Material for the task START

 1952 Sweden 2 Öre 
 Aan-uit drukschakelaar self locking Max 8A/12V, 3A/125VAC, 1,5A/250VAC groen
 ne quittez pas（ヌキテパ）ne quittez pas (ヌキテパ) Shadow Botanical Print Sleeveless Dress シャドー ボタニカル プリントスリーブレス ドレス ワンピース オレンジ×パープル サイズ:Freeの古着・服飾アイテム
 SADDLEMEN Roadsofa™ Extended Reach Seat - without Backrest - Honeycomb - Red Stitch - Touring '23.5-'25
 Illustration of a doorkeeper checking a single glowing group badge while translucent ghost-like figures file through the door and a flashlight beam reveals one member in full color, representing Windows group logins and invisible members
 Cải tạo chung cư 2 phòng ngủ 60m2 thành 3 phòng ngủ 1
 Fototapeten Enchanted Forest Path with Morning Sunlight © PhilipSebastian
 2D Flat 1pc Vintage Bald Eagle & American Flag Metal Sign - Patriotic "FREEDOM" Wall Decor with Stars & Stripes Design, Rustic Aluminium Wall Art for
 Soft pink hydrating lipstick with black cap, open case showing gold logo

Material for the task END
Material for the task START

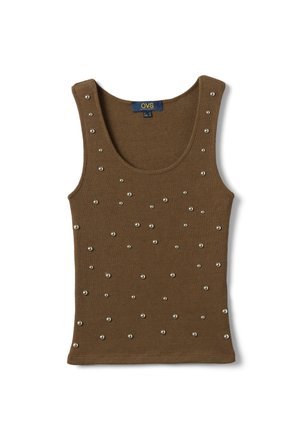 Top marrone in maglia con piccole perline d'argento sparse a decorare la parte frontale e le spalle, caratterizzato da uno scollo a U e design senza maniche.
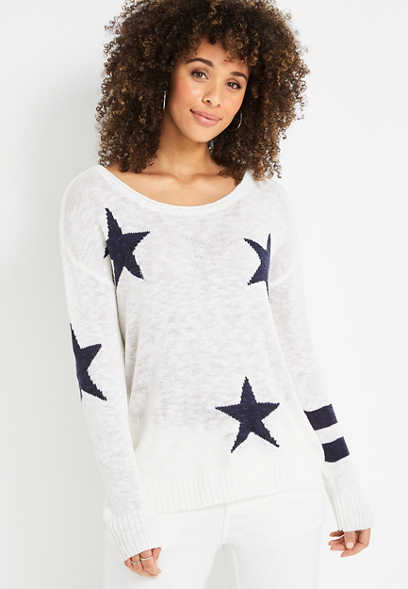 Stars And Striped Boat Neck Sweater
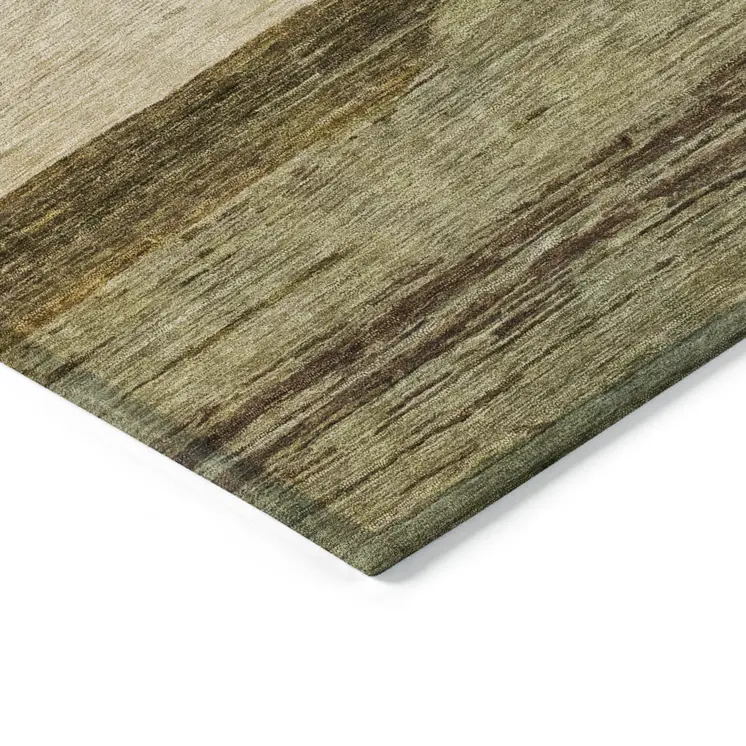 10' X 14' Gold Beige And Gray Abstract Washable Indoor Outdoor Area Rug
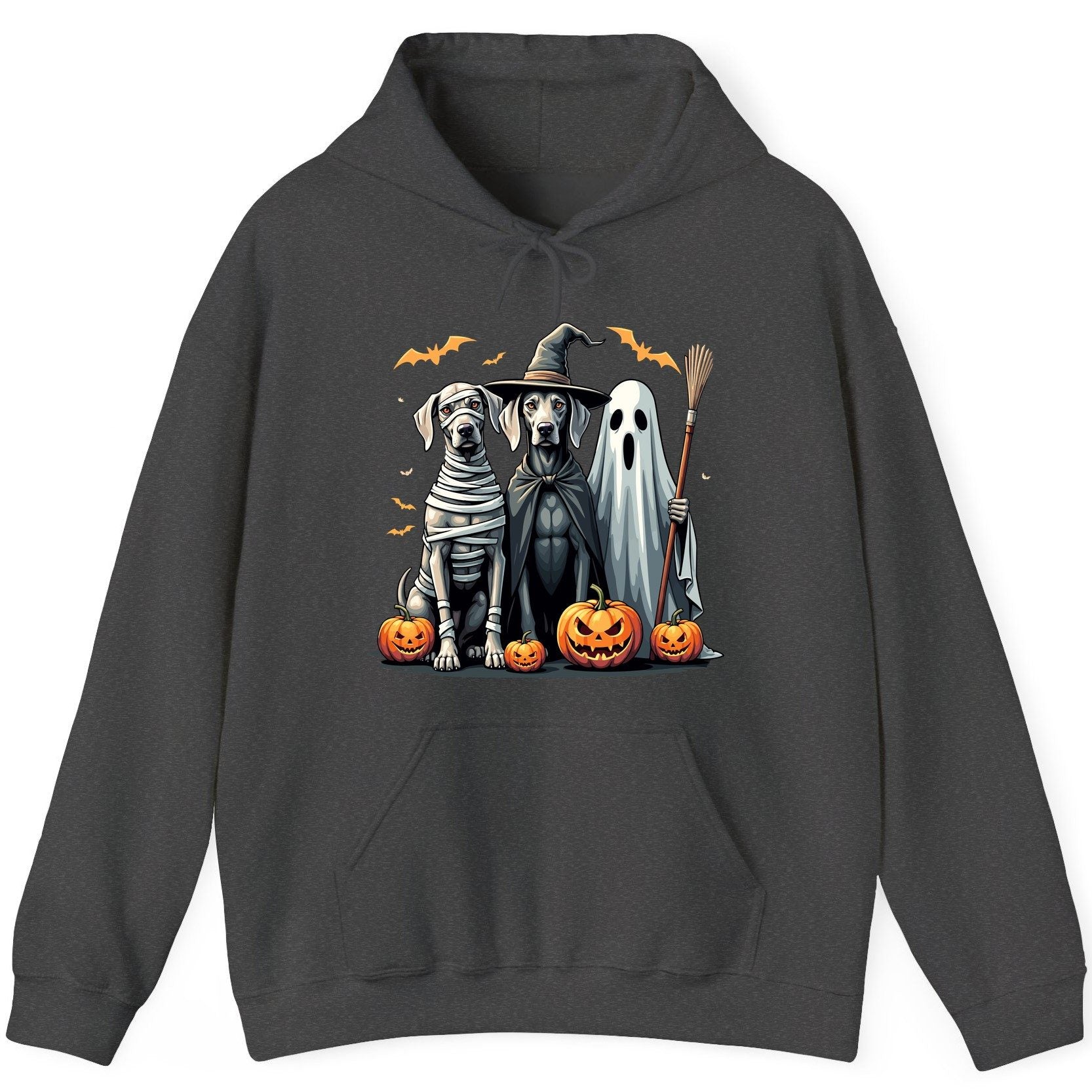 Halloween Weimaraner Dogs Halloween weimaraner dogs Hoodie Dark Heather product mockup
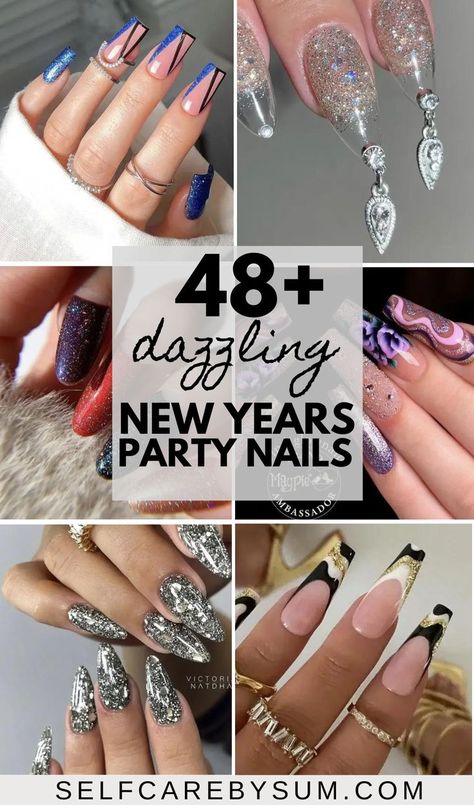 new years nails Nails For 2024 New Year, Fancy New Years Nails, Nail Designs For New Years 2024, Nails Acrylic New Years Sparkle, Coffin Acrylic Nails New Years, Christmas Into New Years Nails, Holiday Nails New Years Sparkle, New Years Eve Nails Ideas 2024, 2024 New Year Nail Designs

Material for the task END
Material for the task START

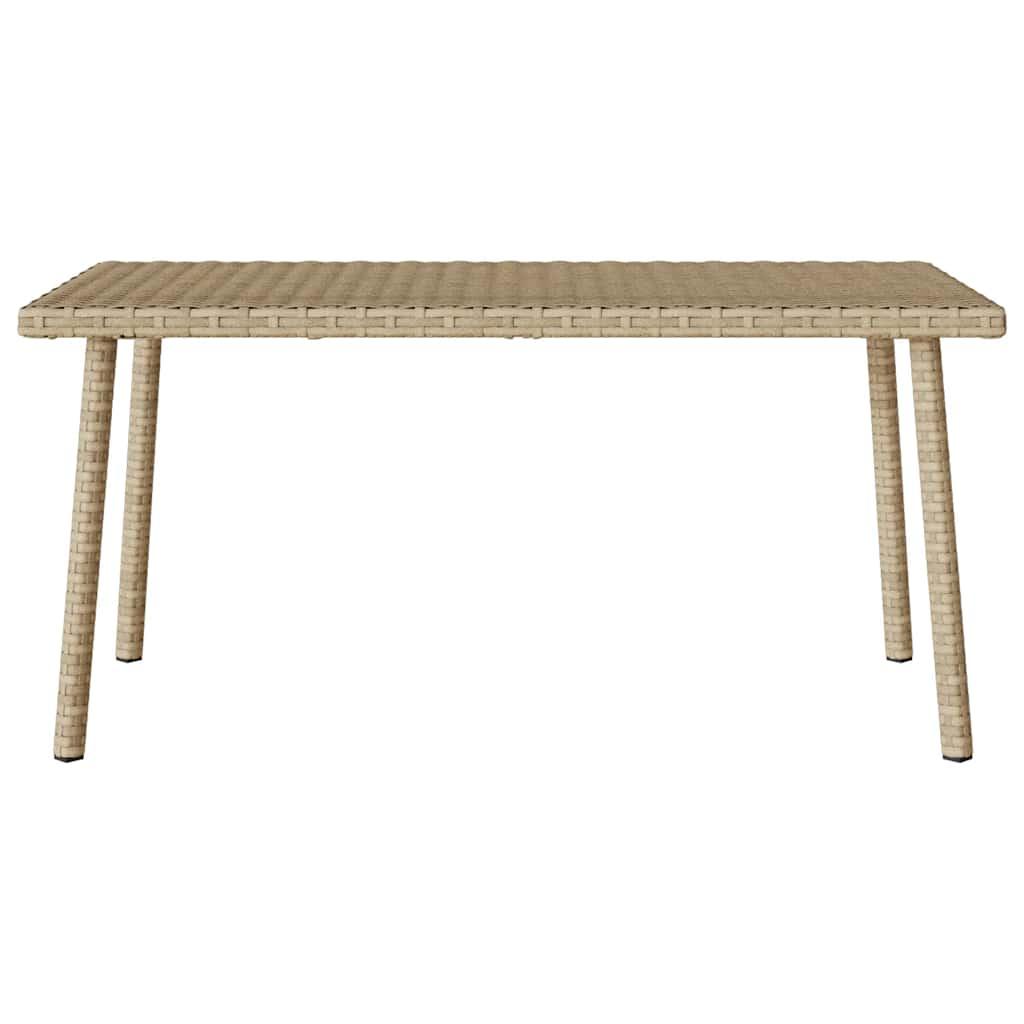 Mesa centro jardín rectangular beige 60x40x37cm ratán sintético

Material for the task END

■ Exercise description
In the listing above, locate the line containing "Illustration of a" and the line containing "Cải tạo chung". Transcribe those two lines and everything between them, exactly as written.

■ Result of the task
 Illustration of a doorkeeper checking a single glowing group badge while translucent ghost-like figures file through the door and a flashlight beam reveals one member in full color, representing Windows group logins and invisible members
 Cải tạo chung cư 2 phòng ngủ 60m2 thành 3 phòng ngủ 1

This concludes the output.